## Your goal
Return the whole listing exactly as written.

-=-=-=-=-

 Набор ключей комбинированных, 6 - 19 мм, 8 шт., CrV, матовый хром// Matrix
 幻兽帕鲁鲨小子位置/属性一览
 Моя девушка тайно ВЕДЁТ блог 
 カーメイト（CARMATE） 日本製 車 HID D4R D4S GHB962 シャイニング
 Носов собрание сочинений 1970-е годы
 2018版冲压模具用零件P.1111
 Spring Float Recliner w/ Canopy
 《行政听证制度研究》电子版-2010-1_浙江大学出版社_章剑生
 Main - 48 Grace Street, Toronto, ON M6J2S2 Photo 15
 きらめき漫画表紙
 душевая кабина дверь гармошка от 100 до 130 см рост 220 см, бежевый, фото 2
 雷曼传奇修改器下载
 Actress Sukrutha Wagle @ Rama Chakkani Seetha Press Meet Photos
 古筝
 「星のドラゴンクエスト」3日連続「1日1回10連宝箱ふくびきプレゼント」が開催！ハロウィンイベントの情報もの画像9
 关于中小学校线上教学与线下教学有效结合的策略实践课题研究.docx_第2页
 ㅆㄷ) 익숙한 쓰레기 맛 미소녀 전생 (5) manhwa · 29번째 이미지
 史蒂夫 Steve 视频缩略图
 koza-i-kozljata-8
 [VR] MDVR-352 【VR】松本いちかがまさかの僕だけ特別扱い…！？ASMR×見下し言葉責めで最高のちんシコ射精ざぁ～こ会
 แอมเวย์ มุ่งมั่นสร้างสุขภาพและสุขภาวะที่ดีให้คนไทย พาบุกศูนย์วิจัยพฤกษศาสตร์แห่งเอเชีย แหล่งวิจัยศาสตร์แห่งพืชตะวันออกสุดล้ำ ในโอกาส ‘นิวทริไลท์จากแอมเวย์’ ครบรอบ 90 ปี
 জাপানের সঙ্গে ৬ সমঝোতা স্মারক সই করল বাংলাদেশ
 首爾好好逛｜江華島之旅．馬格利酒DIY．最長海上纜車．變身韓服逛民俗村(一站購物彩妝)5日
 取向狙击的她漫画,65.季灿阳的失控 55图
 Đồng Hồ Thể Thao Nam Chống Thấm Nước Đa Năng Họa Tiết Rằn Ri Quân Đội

-=-=-=-=-

## Solution
 Набор ключей комбинированных, 6 - 19 мм, 8 шт., CrV, матовый хром// Matrix
 幻兽帕鲁鲨小子位置/属性一览
 Моя девушка тайно ВЕДЁТ блог 
 カーメイト（CARMATE） 日本製 車 HID D4R D4S GHB962 シャイニング
 Носов собрание сочинений 1970-е годы
 2018版冲压模具用零件P.1111
 Spring Float Recliner w/ Canopy
 《行政听证制度研究》电子版-2010-1_浙江大学出版社_章剑生
 Main - 48 Grace Street, Toronto, ON M6J2S2 Photo 15
 きらめき漫画表紙
 душевая кабина дверь гармошка от 100 до 130 см рост 220 см, бежевый, фото 2
 雷曼传奇修改器下载
 Actress Sukrutha Wagle @ Rama Chakkani Seetha Press Meet Photos
 古筝
 「星のドラゴンクエスト」3日連続「1日1回10連宝箱ふくびきプレゼント」が開催！ハロウィンイベントの情報もの画像9
 关于中小学校线上教学与线下教学有效结合的策略实践课题研究.docx_第2页
 ㅆㄷ) 익숙한 쓰레기 맛 미소녀 전생 (5) manhwa · 29번째 이미지
 史蒂夫 Steve 视频缩略图
 koza-i-kozljata-8
 [VR] MDVR-352 【VR】松本いちかがまさかの僕だけ特別扱い…！？ASMR×見下し言葉責めで最高のちんシコ射精ざぁ～こ会
 แอมเวย์ มุ่งมั่นสร้างสุขภาพและสุขภาวะที่ดีให้คนไทย พาบุกศูนย์วิจัยพฤกษศาสตร์แห่งเอเชีย แหล่งวิจัยศาสตร์แห่งพืชตะวันออกสุดล้ำ ในโอกาส ‘นิวทริไลท์จากแอมเวย์’ ครบรอบ 90 ปี
 জাপানের সঙ্গে ৬ সমঝোতা স্মারক সই করল বাংলাদেশ
 首爾好好逛｜江華島之旅．馬格利酒DIY．最長海上纜車．變身韓服逛民俗村(一站購物彩妝)5日
 取向狙击的她漫画,65.季灿阳的失控 55图
 Đồng Hồ Thể Thao Nam Chống Thấm Nước Đa Năng Họa Tiết Rằn Ri Quân Đội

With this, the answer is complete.